* WHAT NEEDS TO BE DONE
Transcribe the data below verbatim from the line with "Groom lifts bride" to the line with "ams-doctor-with-book-x300". Include both of those lines.
-------- EXTRACTED MATERIAL
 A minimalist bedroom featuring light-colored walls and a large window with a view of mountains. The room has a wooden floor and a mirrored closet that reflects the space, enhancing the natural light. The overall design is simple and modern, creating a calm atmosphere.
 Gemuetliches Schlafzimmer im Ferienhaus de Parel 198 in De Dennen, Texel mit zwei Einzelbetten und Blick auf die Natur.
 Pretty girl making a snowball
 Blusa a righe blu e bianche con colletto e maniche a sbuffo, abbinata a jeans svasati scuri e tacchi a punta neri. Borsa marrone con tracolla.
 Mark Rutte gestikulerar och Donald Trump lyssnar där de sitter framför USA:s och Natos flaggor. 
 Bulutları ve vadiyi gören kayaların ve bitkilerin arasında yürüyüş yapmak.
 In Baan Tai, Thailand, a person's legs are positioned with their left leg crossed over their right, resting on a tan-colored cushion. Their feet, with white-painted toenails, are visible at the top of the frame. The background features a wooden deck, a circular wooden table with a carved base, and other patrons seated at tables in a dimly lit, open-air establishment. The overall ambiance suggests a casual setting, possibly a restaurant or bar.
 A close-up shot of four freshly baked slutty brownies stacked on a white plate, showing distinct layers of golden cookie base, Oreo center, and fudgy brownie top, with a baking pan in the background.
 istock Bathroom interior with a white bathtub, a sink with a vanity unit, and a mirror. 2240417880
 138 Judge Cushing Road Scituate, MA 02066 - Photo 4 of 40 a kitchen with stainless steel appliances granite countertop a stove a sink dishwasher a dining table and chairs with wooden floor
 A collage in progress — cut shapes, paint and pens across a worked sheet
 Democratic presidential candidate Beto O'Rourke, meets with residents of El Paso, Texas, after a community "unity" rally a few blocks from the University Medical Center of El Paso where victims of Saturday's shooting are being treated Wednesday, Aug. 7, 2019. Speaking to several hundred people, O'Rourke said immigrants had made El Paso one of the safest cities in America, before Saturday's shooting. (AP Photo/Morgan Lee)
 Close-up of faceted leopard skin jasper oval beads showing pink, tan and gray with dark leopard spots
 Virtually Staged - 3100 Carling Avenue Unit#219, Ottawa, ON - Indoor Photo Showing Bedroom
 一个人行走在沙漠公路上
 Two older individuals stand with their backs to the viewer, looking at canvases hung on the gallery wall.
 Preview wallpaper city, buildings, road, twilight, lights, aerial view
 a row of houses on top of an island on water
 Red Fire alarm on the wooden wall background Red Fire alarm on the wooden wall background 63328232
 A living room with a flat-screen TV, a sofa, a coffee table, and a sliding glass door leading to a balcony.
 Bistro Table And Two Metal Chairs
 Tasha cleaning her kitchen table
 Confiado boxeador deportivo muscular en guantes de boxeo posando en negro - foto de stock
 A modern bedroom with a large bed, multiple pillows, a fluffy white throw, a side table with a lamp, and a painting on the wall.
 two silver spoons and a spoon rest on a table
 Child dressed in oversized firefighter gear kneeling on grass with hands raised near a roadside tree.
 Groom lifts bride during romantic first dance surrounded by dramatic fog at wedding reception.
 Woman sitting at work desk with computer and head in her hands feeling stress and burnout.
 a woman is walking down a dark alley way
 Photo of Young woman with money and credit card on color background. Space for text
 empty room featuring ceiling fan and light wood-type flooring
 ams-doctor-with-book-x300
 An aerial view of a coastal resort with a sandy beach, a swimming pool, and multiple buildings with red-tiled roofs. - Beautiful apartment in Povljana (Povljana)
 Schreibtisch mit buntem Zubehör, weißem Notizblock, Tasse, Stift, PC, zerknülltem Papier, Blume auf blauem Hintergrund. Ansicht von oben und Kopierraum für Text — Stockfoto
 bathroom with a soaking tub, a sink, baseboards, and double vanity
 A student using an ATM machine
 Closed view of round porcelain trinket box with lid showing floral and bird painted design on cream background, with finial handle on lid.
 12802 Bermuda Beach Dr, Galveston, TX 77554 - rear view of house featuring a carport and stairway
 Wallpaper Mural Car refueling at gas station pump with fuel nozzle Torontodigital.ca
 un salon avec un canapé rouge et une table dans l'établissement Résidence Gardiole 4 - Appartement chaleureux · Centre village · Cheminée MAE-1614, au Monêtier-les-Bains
----------------
* SOLUTION TO THIS EXERCISE
 Groom lifts bride during romantic first dance surrounded by dramatic fog at wedding reception.
 Woman sitting at work desk with computer and head in her hands feeling stress and burnout.
 a woman is walking down a dark alley way
 Photo of Young woman with money and credit card on color background. Space for text
 empty room featuring ceiling fan and light wood-type flooring
 ams-doctor-with-book-x300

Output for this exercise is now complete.